Penulis menyadari bahwa laporan ini masih banyak kekurangan. Untuk itu, penulis
mengharapkan kritik dan saran yang membangun demi lebih sempurna makalah ini maupun
laporan berikutnya. Semoga laporan ini bermanfaat bagi kita semua.

Padang, 4 April 2021

Penyusun
BAB I
PENDAHULUAN

1.1 LATAR BELAKANG

Hydrocephalus telah dikenal sajak zaman Hipocrates, saat itu hydrocephalus dikenal
sebagai penyebab penyakit ayan.
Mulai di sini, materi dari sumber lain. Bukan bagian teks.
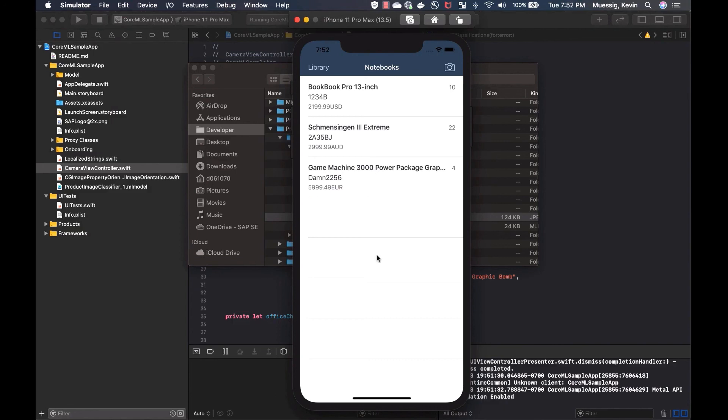And that's pretty much it. Use CreateML. Give it meaningful data to create a great machine learning model. And then just drag and drop it into your Xcode project. And use Vision to pre-process the image. And then just feed it to the classification and enjoy your result.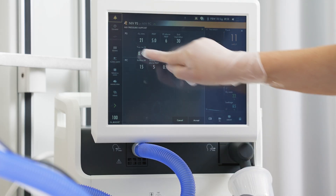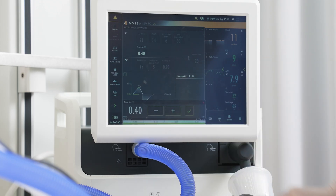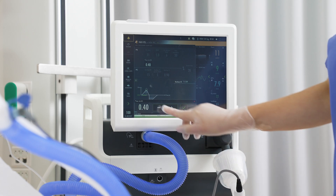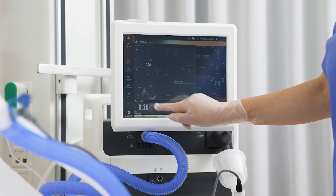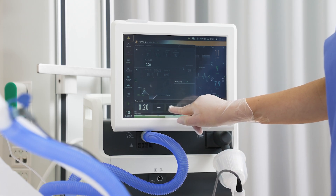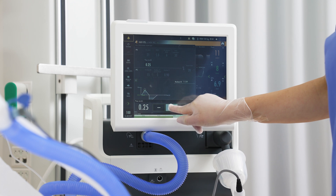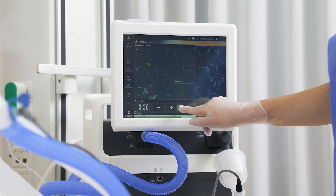Tap on the ventilation mode to open the settings window. Some of the settings have contextual help and illustrations to show how the breath will change when the setting is altered. The inspiratory rise time setting determines the amount of time it will take to reach the set pressure. Adjusting this value will allow for better synchrony and patient comfort.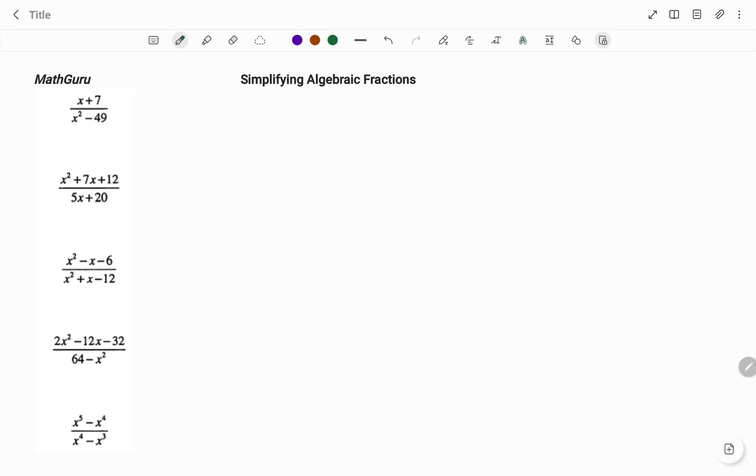Hi everyone, this is your math guru. In this video, I'm going to show you how to simplify the following algebraic fractions.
Di saat ini dengan teknologi yang semakin berkembang
maka mengakibatkan polusi didunia semakin meningkat pula yang pada akhirnya menjadi
factor penyebab suatu penyakit, yang mana kehamilan merupakan keadaan yang sangat
rentan terhadap penyakit yang dapat mempengaruhi janinnya, salah satunya adalah
Hydrocephalus. Saat ini secara umum insidennya dapat dilaporkan sebesar tiga kasus per
seribu kehamilan hidup menderita hydrocephalus. Dan hydrocephalus merupakan penyakit
yang sangat memerlukan pelayanan keperawatan yang khusus.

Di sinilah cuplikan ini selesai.